I have struggled with issues of insecurity and self-esteem for as long as I can remember. By the grace of God I never had the desire to experiment with my wild side in high school and so never had to deal with any major struggles of drugs or alcohol--I just had no interest what-so-ever. The devil KNEW where to get me though. I honestly can not remember a single day where I walked out of the house feeling 'pretty' and was constantly eaten away by the (what I now know are)-->lies in my head that told me I was worthless, had no value, and meant nothing to anybody--except my family, who had to love me cause they were my family. I never really 'fit' in anywhere with a particular friend group. I was just sort of a wall flower that got lost in the shadows of everyone else.
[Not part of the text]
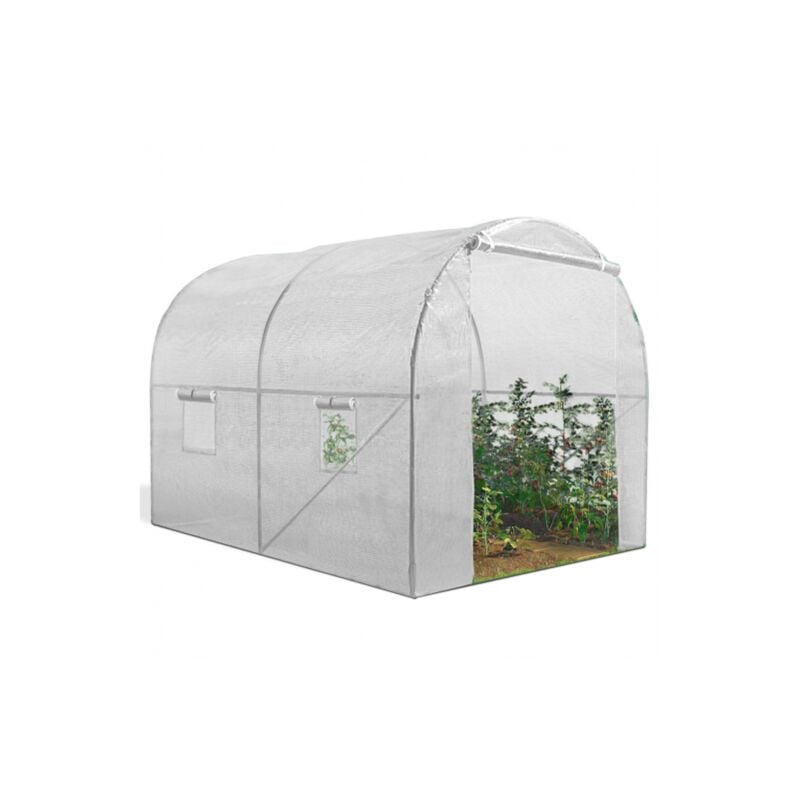 Serre tunnel de jardin Idmarket roma - 6M² - Blanche - Gamme maraîchère - 2x3M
I know that most girls struggle with image issues or self-esteem battles, but for me, this was the largest stronghold of my life. I can remember going all day without food. I never ate breakfast and would skip lunch to 'do homework', and then go bust my tail at either soccer, volleyball, or basketball practice...followed by some more running at the walking park near my house...you know, just in case I happened to breathe in some calories from a piece of gum when someone walked by.

I can just remember those thoughts of 'you will never be good enough', 'you are too fat', and 'you're so ugly' as I tried on clothes and refused to by them if they were past a certain number. Whenever I felt too full, I would go upstairs to the bathroom and stand over the toilet in an absolute war with myself--hoping that I had the courage to go through with it, and praying that I didn't. The Lord is the only explanation for why I never was able to give myself the eating disorder my flesh so desired. Praise the Lord for He is faithful even when we are not!

This past fall, I attended the Women of Faith 'Contagious Joy' Conference in Charlotte...and contagious joy I caught. Well, for like a week. I quickly fell right back down into my pit of lies--worrying that I would never fully know God's plan for my life because I couldn't (well-wouldn't) trust the things that He said about me long enough to stand on my own two feet. As ludicrous as it sounds, I REALLY thought that I was the one person God could not use or love, and that my mistakes were unforgivable.

The problem for me was never not-knowing the truths that God said about me--it was that I didn't believe them. I was so far into the enemies lies, he had me making up new lies myself that I SO believed had to be true--even though they could not have been farther from the truth. The enemy was prepared to kill, steal, and destroy me...and so far, I hadn't put up much of a fight."